This application claims priority to and benefits of Chinese Patent Application Serial No. 201810897535.1, filed on Aug. 8, 2018, the entire content of which is incorporated herein by reference.
The present disclosure relates to a field of data visualization technology, and more particularly to a method and an apparatus for generating a knowledge graph, and an electronic device, and a computer readable storage medium.
Data visualization refers to is a graphical representation of information or data that presents data in a visual form, such as charts, maps, graphs, etc., to help people understand meaning of the data. Data visualization may include static visualization and dynamic visualization. Static visualization means that dynamical modification cannot be performed after visualization, while dynamic visualization means that update or adjustment may be dynamically performed based on dynamic data.
Knowledge graph is a common form of representing data visualization. It is a semantic representation that reveals the relationship between entities, and it can visualize objects in real or virtual world and relationship between the objects. The knowledge graph is essentially a semantic network, and it is a graph-based data structure. The knowledge graph is mainly composed of nodes and edges. Nodes and edges can also have various settable properties. In the knowledge graph, each node can represent one entity in the real or virtual world, and each edge can represent a relationship between two entities.
Embodiments of the present disclosure provide a method and an apparatus for generating a knowledge graph, an electronic device and a computer readable storage medium.
According to a first aspect of the present disclosure, a method for generating a knowledge graph is provided. The method includes: establishing a graph database based on a set of entities and relationships among the entities in given content; receiving a graph query for the given content from a user; and generating, based on the graph database, a knowledge graph of the given content by using a predefined formatted layout, the knowledge graph having a network structure.
According to a second aspect of the present disclosure, an apparatus for generating a knowledge graph is provided. The apparatus includes: an establishing module, configured to establish a graph database based on a set of entities and relationships among the entities in given content; a receiving module, configured to receive a graph query for the given content from a user; and a generating module, configured to generate, based on the graph database, a knowledge graph of the given content by using a predefined formatted layout, the knowledge graph having a network structure.
According to a third aspect of the present disclosure, an electronic device is provided. The electronic device includes: one or more processors; and a memory device, configured to store one or more programs that, when executed by the one or more processors, cause the electronic device to perform the method or the process according to embodiments of the present disclosure.
According to a fourth aspect of the present disclosure, a computer readable storage medium is provided. The computer readable storage medium has computer programs stored thereon that, when executed by a processor, cause the processor to perform the method according to embodiments of the present disclosure.
It should be understood that, the content described in the summary of the present disclosure is not intended to limit the key features or important features of the embodiments of the present disclosure, and is not intended to limit the scope of the disclosure. Other features of the present disclosure will be readily understood by the following description.
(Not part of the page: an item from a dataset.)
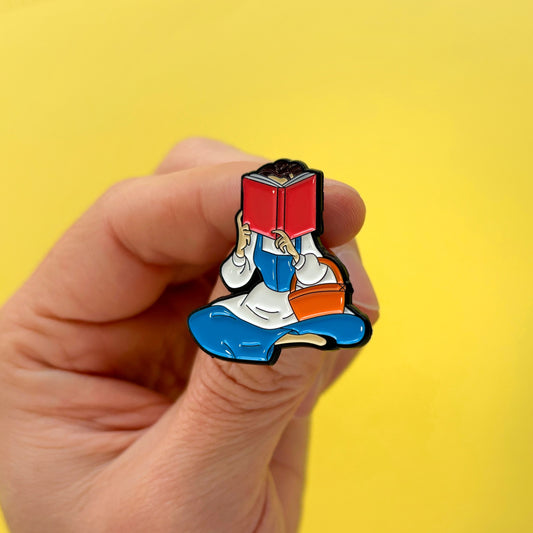 Pin metálico Bella leyendo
Above and other features, advantages and aspects of embodiments of the present disclosure will become more apparent from the following descriptions made with reference to the drawings. In the drawings, the same or similar elements and the elements having same or similar functions are denoted by like reference numerals throughout the descriptions.
Embodiments of the present disclosure will be described in more detail below with reference to the accompanying drawings. Although certain embodiments of the present disclosure are shown in the drawings, it should be understood that the present disclosure may be implemented in various forms and should not be construed as limited to the embodiments set forth herein. In contrast, these embodiments are provided for a more complete understanding of the present disclosure. It should be understood that the drawings and embodiments of the present disclosure are for illustrative purposes only and are not intended to limit the scope of the disclosure.
In the description of the embodiments of the present disclosure, the term “comprise” and the like are to be understood as open contains, i.e., “including but not limited to”. The term “based on” should be understood to mean “based at least in part”. The term “one embodiment” or “an embodiment” should be understood to mean “at least one embodiment”. Other explicit and implicit definitions may also be included below.
Inventors of the present disclosure noticed that there is a strong demand for knowledge graphs (such as relationships among TV play characters) during a search process of a user. In the related art, the user is mainly satisfied in a form of question-and-answer cards, lacking complete knowledge graph presentation. In the related art, there are two ways for generating a knowledge graph for given content (such as a TV play). A first way is manually editing a graph and presenting the graph as a picture. However, in this way, the graph is unable to be automatically updated by technical means. When content of the TV play is updated or new content is generated, re-editing the graph of this method is more costly with poor timeliness. A second way is generating a knowledge graph automatically. However, the graph generated in this way generally has a tree structure, which extends from one node and relationships between child nodes of this node cannot be presented. In addition, the graph generated by the second way usually has simplex edge relationships among characters, and cannot fully show the relationships among characters in the TV play, thus its ideographical expression and effect are poor, and cannot meet the needs of user. Therefore, the ways of generating a graph in the related art is either inefficient or has poorly presentation effect, which cannot meet the needs of user.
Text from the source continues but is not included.